Elle a un tressaillement et murmure, tout en mordillant l’œillet que ses doigts tourmentent :
— Ah ! qu’elle est étrange parfois, l’amitié !
Puis, dans un sursaut, elle se dresse, jette l’œillet, saisit son porte-plume, écarte les feuillets…
Il est dit que les faits eux-mêmes vont l’empêcher d’écrire. Un coup de timbre à la porte d’entrée et, au bout de quelques minutes, de la maison, émerge la vieille Odile.
— Le courrier de madame.
Elle présente deux enveloppes que la jeune femme prend distraitement, puis regarde. L’une — elle reconnaît l’écriture — est de Barcane. Que lui veut-il encore ? L’autre… l’autre vient de Jean.
Une flamme monte à ses joues. Pour la première fois, il lui écrit depuis sa visite. Que va-t-il lui annoncer ? Épouse-t-il Sabine ou quelque autre ?
Comme pour retarder l’instant où elle aura une certitude, elle ouvre d’abord la lettre de Barcane et la parcourt des yeux, la pensée absente. Il est à Strasbourg et lui demande, de nouveau, la permission d’une courte visite, au nom de son père, pour le travail en commun sur les Littératures comparées.
Indifférente, elle rejette la lettre et prend la deuxième enveloppe, la regarde, la tourne. Lentement, elle la déchire. Son cœur s’est mis à battre très fort. Une seconde d’hésitation, puis elle lit :
« Hélène, n’est-ce pas, vous allez accueillir ma lettre avec une pensée indulgente et bonne infiniment, avec votre cœur, comme je vous écris avec le mien qui ne vous a pas quittée depuis l’inoubliable journée de Metzeral. Jamais mieux que ce jour-là, je n’ai senti combien il devait être délicieux de vivre près de vous. Et cette impression m’a suivi pendant tout mon voyage de retour ; à Deauville, elle est demeurée souveraine en moi, malgré d’autres présences qui semblaient devoir me distraire. Sabine se montrait séduisante, comme en ses meilleurs jours. D’autres aussi étaient bien tentantes… Et cependant toutes m’ont laissé invulnérable. Entre elles et moi, il y avait toujours votre chère image.
« Soudain, j’avais vu combien j’ai été insensé de chercher le bonheur auprès d’une autre que vous.
« Surtout, ne dites pas que je parle comme un gamin irréfléchi.

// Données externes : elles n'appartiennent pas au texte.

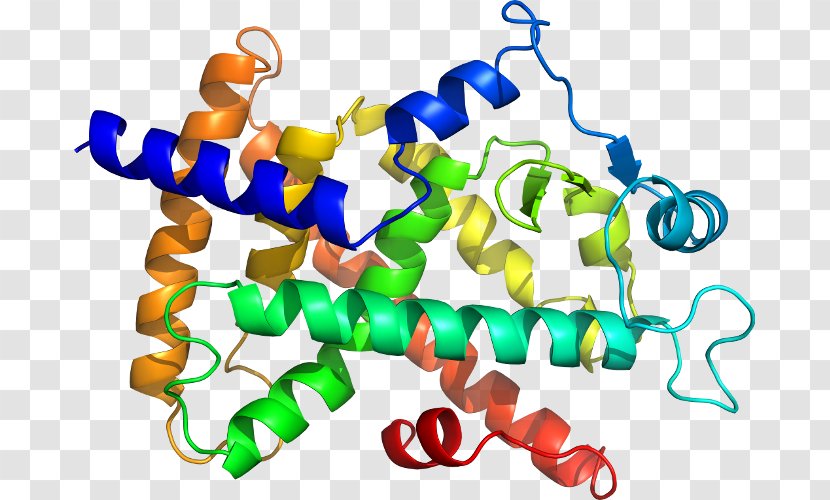 Clip Art Nucleic Acid Protein Structure Amino - Artwork Transparent PNG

J’ai, au contraire, songé, tellement songé… D’abord, pendant mon trajet de retour, toute la nuit, après que, dans une lueur d’éclair, j’avais compris que c’était vous que je voulais pour femme… Après avoir erré à la recherche d’une autre qu’il me fallait pareille à vous.
« Comment ai-je pu être si aveugle pendant tant de mois ? Ah ! que de jours de bonheur perdus !
« Hélène, la très chère amie de mon enfance, de ma jeunesse, consentez à devenir mienne, comme je suis vôtre, tout entier. Si vous saviez comme je suis sûr, vous entendez, sûr ! que nous pourrions être divinement heureux ! Nous nous comprenons tellement bien ! Jamais je n’ai eu conscience de notre unisson comme à Metzeral, quand il m’a semblé si naturel de vous parler de mon temps de guerre dont, à personne, je ne pourrais dire un mot. Et puis, nous avons le même goût de l’art. Vous écrirez tout à votre gré. Je peindrai. J’illustrerai vos œuvres. Ah ! la bonne vie que j’entrevois si vous m’accordez la joie de la réaliser !
« Hélène, écoutez ma prière. Ne pensez pas que je ne suis ni très sérieux ni très travailleur. Sous votre influence, je le deviendrai, ô ma vaillante chérie, qui, toujours, avez été pour moi un vivant exemple…
« Vous avez approuvé Nicole de vouloir se marier uniquement selon son cœur. Alors vous comprenez bien, dites, que je sois résolu à faire comme elle…? Que je vienne à vous pour m’employer à vous faire enfin une existence aussi douce qu’il sera en mon pouvoir…
« Ne dites pas « non ». Ne dites pas que vous ne m’aimez pas d’amour. Moi, je vous adorerai tant, que l’amour naîtra en vous. Laissez surtout toutes les préoccupations étrangères à nous deux qui viendraient vous assaillir, parce que votre sagesse ne prétendra pas perdre ses droits et se mêlera de raisonner.
« Ne l’écoutez pas, mon amour. Aimez tout simplement et confiez-vous à moi.
« Mère trouvera en vous la fille la plus charmeuse qu’elle pouvait souhaiter, et Bobby, pour qui elle a déjà une tendresse de grand’mère, sera l’aîné de ses petits-fils.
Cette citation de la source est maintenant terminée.